What is required
Set down all of the data exactly. Pictures stay out of the copy.

Data shown
☆ ☆ ☆ ☆ ☆

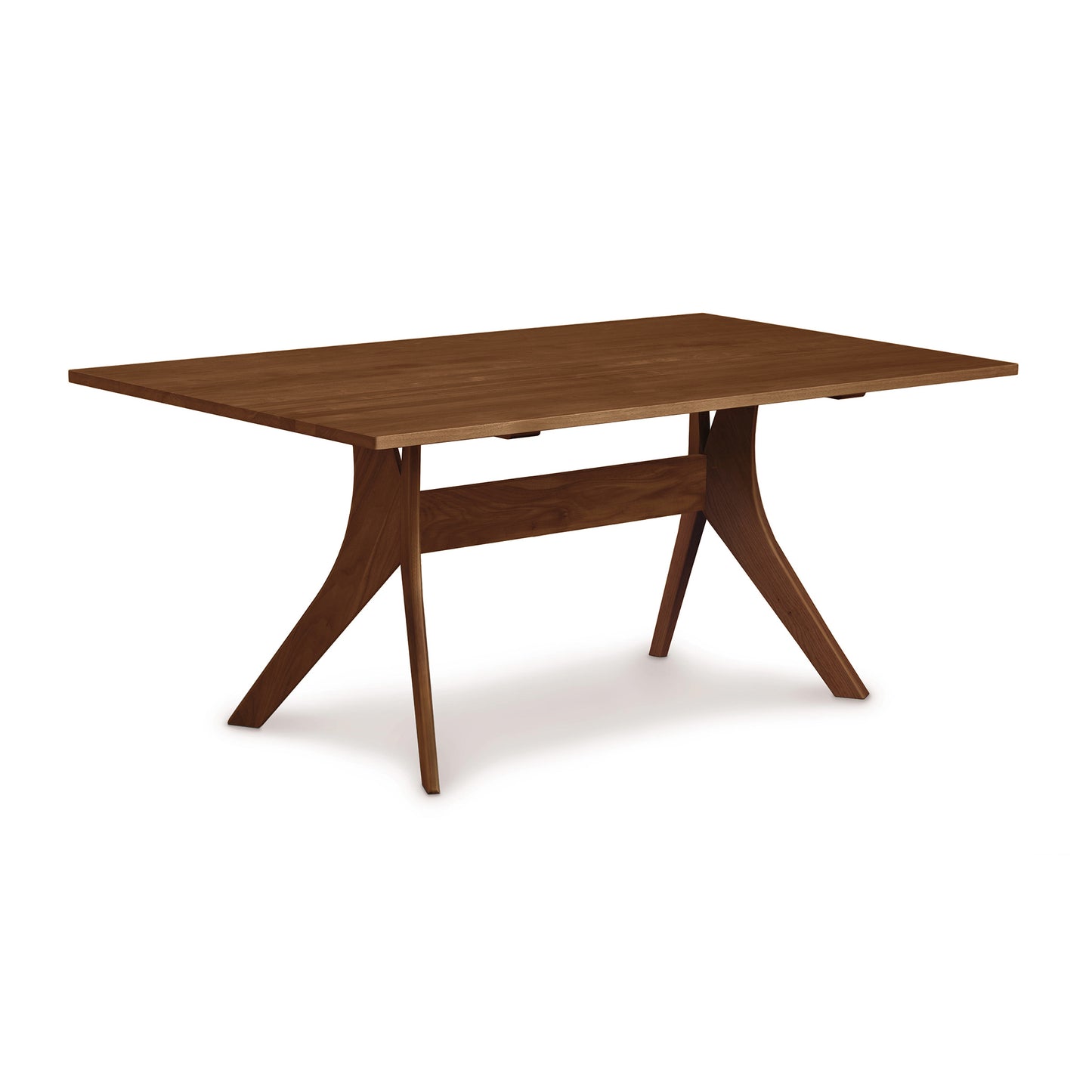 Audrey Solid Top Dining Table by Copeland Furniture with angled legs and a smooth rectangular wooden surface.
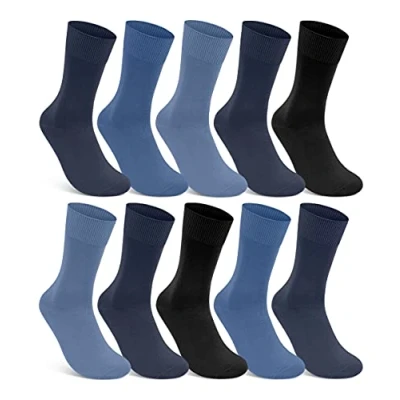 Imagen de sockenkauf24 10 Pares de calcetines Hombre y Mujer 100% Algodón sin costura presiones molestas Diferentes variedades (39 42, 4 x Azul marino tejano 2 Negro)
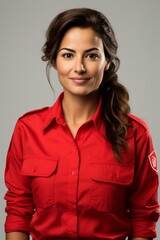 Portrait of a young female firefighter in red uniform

☆ ☆ ☆ ☆ ☆

Exercise solution
 Audrey Solid Top Dining Table by Copeland Furniture with angled legs and a smooth rectangular wooden surface.
 Imagen de sockenkauf24 10 Pares de calcetines Hombre y Mujer 100% Algodón sin costura presiones molestas Diferentes variedades (39 42, 4 x Azul marino tejano 2 Negro)
 Portrait of a young female firefighter in red uniform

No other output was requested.